I love you, even when it rains

I’ve never written my birth story.  A few people have told me it’s strange that I haven’t when I have written so openly and honestly about everything else.

I’ve tried so many times; and I end up so traumatised and upset that I can’t continue.I recently discovered I had around 200 posts in drafts – 27 of those were failed attempts at writing my birth story.

You see, I was anxious and depressed before he came along – we were told we would never conceive naturally and so when we discovered a little miracle in my belly in March 2014 I was shit scared.

What if he didn’t make it?  What if he was my only chance to carry and give birth to my own child?

Through fear I didn’t buy anything until 28 weeks when I was bought his first outfit.  It was lime green and grey with a slogan on the front with a stupid hat that didn’t fit his huge head when he arrived.

“I love you, even when it rains” it said.

When he was born I became very depressed.  I didn’t want to be a mum, I didn’t want my baby.

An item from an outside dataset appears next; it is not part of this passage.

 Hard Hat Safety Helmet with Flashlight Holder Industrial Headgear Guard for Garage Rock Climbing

It broke my heart to feel so poorly and depressed when I had this amazing little person to love and nurture.  He was everything I had ever wanted.

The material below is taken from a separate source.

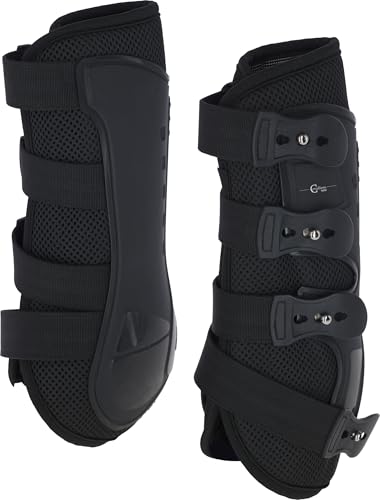 Covalliero Gamaschen CovallieroTherm, Für Pferde, Keramik Gamasche, Schutz vor Verletzungen, Black, Full Covalliero Gamaschen CovallieroTherm, Für Pferde, Keramik Gamasche, Schutz vor Verletzungen, Black, Full von Covalliero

I used to tell him “I love you, even when it rains”.

I had lots of bad days when I felt very low; I considered taking my own life multiple times.

And then he would smile at me.  Sometimes he would just gaze at me.

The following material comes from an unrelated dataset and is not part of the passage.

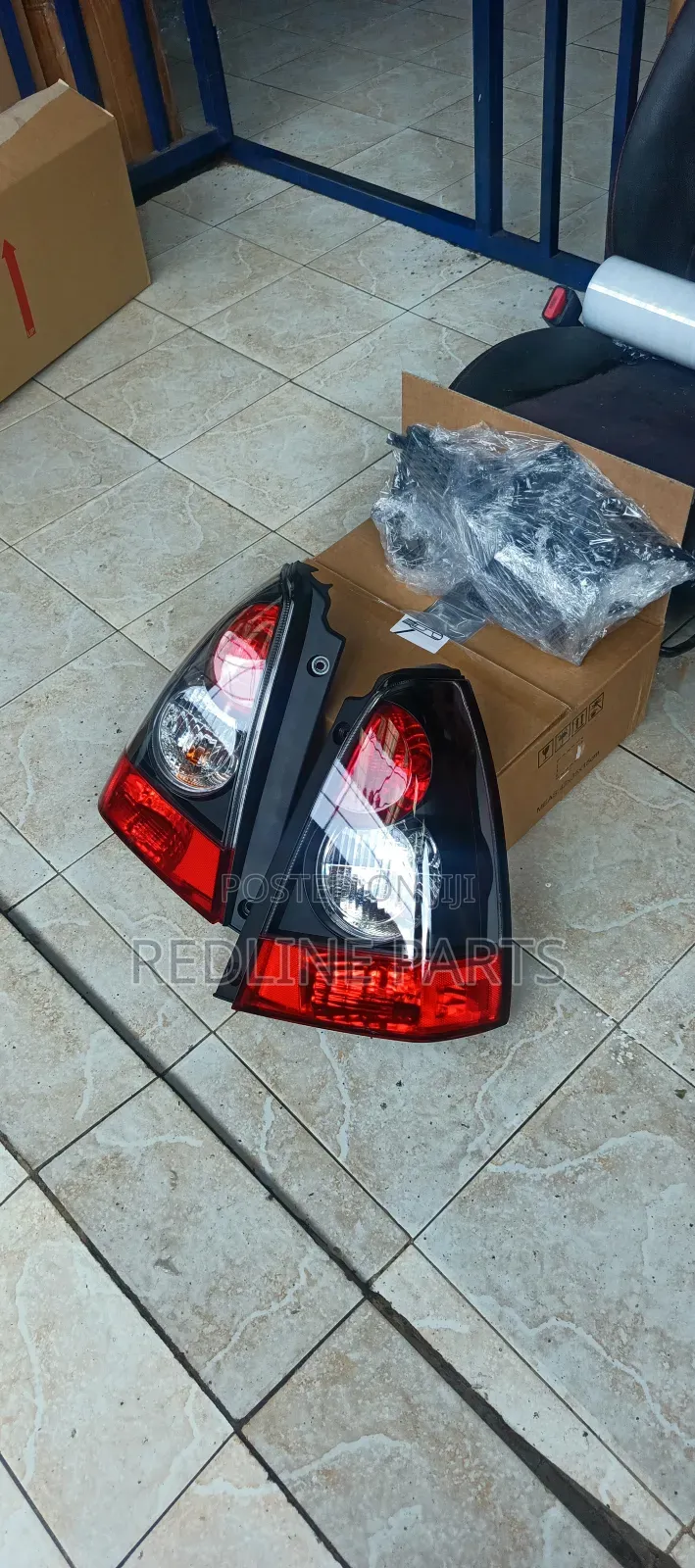 Subaru Forester Sg5/Sg9 Smoked Tail Lights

How could I leave him? He needed me, I’m his mummy and he needs me.

“I love you baby boy, even when it rains”.

Three years on and I found myself looking through a box of memories I started when he was born.  His scan photos, first shoes, cards.  And there it was – that first outfit.

I don’t think I will ever part with it – it reminds me that I’ve survived, and that I will continue to survive.

And I want him to always know that despite everything, I have always loved him and I always will.

I love you, son.  Even when it rains.